ASSIGNED TASK.
The answer should match the entries that follow exactly, except that no image appears in it.

Crawled caption data
══════════════════════════════

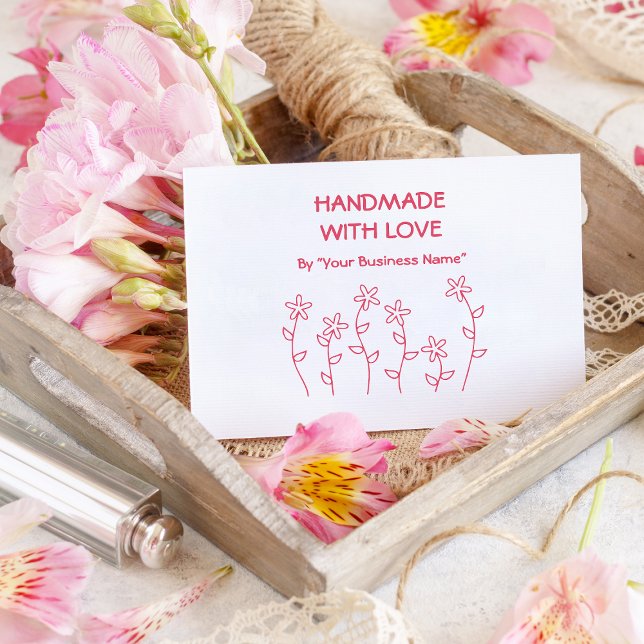 Gorgeous Wildflowers Handmade with Love Quote Rubber Stamp (Creator Uploaded)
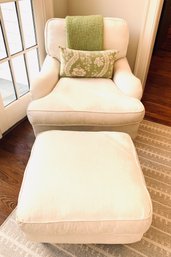 Laura Ashley Custom Cream Upholstered Club Chair And Ottoman On Casters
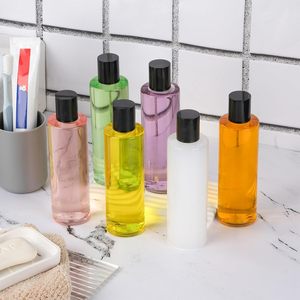 Emballage personnalisé de haute qualité pour soins de la peau en PET de 200 ml, bouteille ronde à épaule plate recyclable avec bouchon à vis pour shampoing - Product Image 3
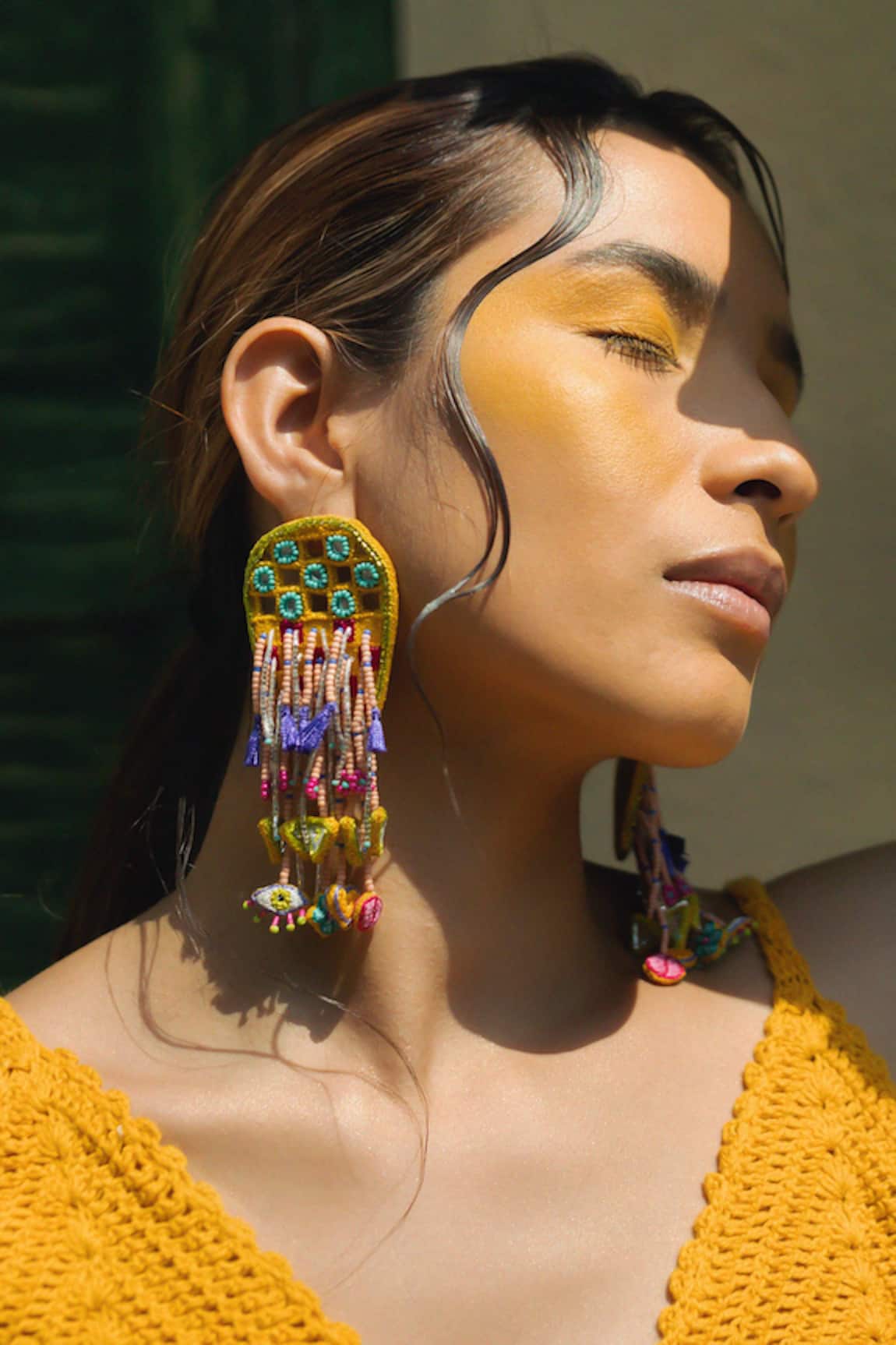 Krutiarts Dai Floral Cutwork Bead Embellished Earrings 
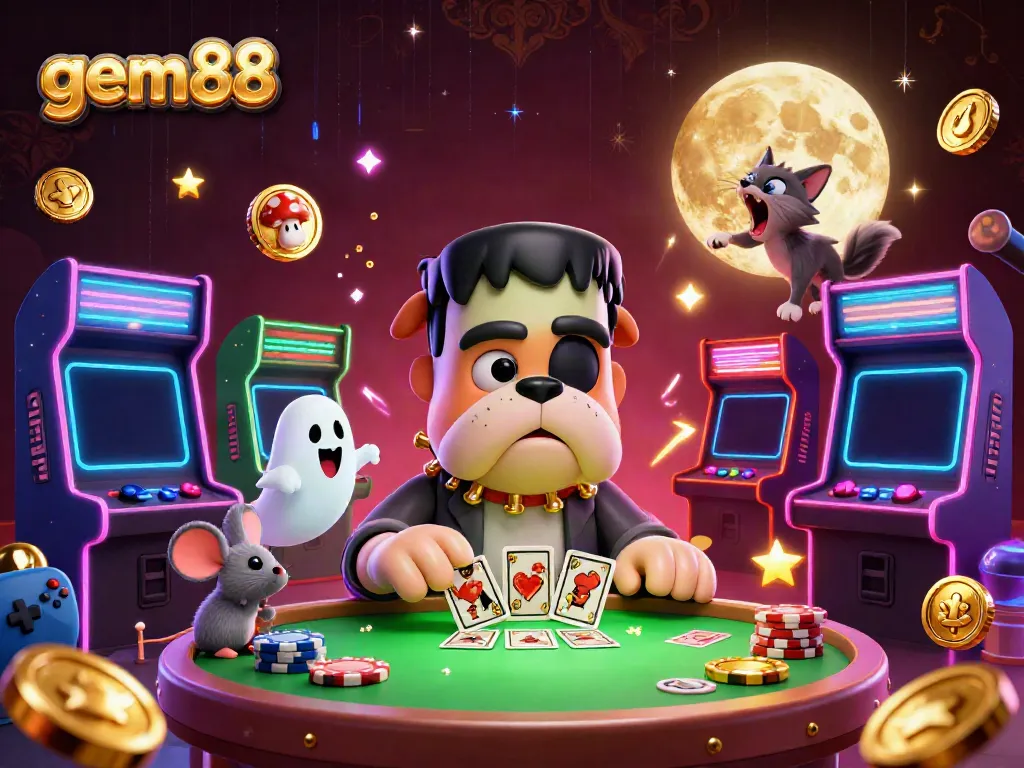 Experience the excitement of gem88 with lively characters and vibrant casino elements in a captivating 3D scene.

══════════════════════════════

TASK SOLUTION.
 Gorgeous Wildflowers Handmade with Love Quote Rubber Stamp (Creator Uploaded)
 Laura Ashley Custom Cream Upholstered Club Chair And Ottoman On Casters
 Emballage personnalisé de haute qualité pour soins de la peau en PET de 200 ml, bouteille ronde à épaule plate recyclable avec bouchon à vis pour shampoing - Product Image 3
 Krutiarts Dai Floral Cutwork Bead Embellished Earrings 
 Experience the excitement of gem88 with lively characters and vibrant casino elements in a captivating 3D scene.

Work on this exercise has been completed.